Sinto frequentemente uma falta das coisas; às vezes, beira o oposto sem que eu mesmo perceba, vai desse vazio à sensação de gordura espiritual. Como quem estivesse vivendo coisas demais para digerir. No fundo, ambas as sensações parecem traduzir uma coisa só. A impossibilidade de conduzir os pés pelo mundo. E nesses momentos a única dieta apropriada para uma cura, ao menos, paliativa, que encontro, é usufruto da arte. Produzir e digerir arte em doses calavares...

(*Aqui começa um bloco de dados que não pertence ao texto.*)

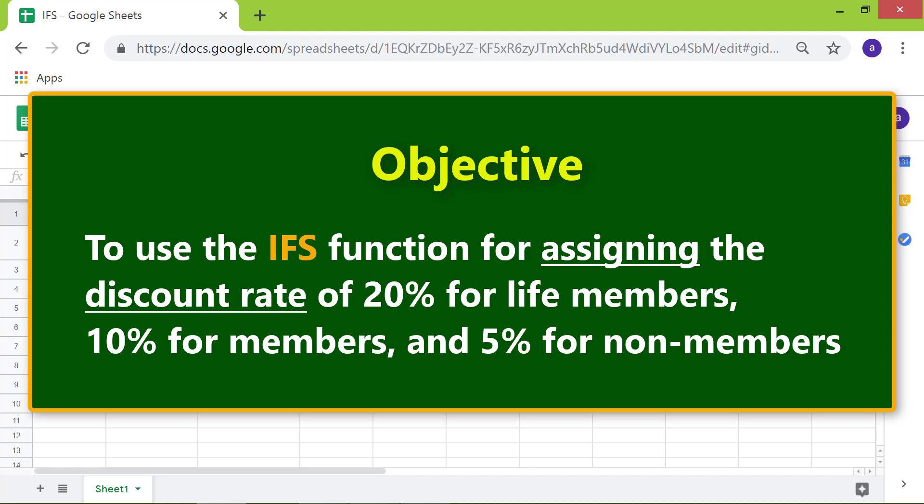Objective: To use the IFS function for assigning the discount rate of 20% for life members, 10% for members, and 5% for non-members.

Esta é a única ferramenta que nessas horas me sobra para conhecer-me um pouco mais, racionalizando e sublimando as situações. Se me é suficiente, não sei. Mas prefiro pensar que a atitude perfaz o ciclo retroalimentar da inspiração artística, que se alimenta de feridas, curando algumas, mitigando outras. Ocorre que por óbvio desígnio que o ofício do artista tem, alguns cortes se fecham, outros se somatizam pelo corpo, permanecendo como contínua fonte de recursos temáticos da produção artística. As consequências que já observei disso são tantas outras que caberiam num ensaio aparte. Portanto, diante disto, prefiro recorrer a um belíssimo insight de Ferreira Gullar, que vi, pela primeira vez, escrito numa parede do museu nacional de belas artes, ao tom de um vermelho firme e forte: “A ARTE EXISTE PORQUE A VIDA NÃO BASTA”

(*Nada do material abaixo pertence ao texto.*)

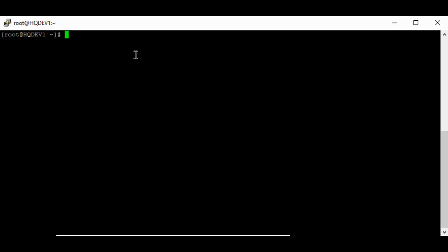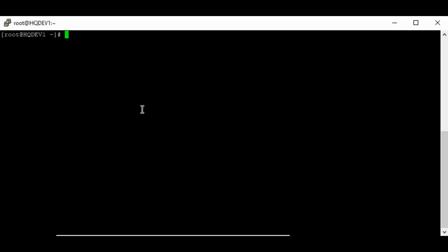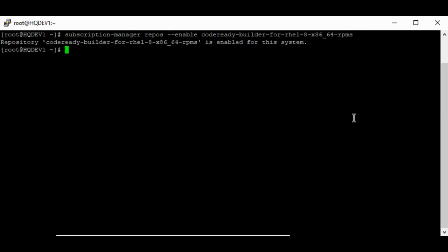To install elinks and links on RHEL 8 or CentOS 8 systems, you need to enable the Code Ready Builder repository. I'm going to copy this command from my website. I'll be posting the link to the website in the description section below so you can get it from there. I already have the repository enabled, but this is how you're going to enable the repository.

Hoje, dedico à arte o meu culto e a minha adoração. E, na troca de um minuto de silêncio, proponho um dia de abstração das arbitrariedades que a vida traz. Se o artista é só, se não lhe enseja a oportunidade de um ombro verdadeiramente amigo, que não por isso se abstenha, mas que tome o dia para se reconciliar consigo mesmo. Que se desfaça dos laços mais doridos que os relacionamentos lhe empunhem pelo entorno da traqueia, do peito, ou de onde se lhe atem tais laços.
Tracem, hoje, um grande manifesto pela libertação!
Um comentário:
Que a arte possa curar as feridas que a fizeram.
Um brinde ao profano!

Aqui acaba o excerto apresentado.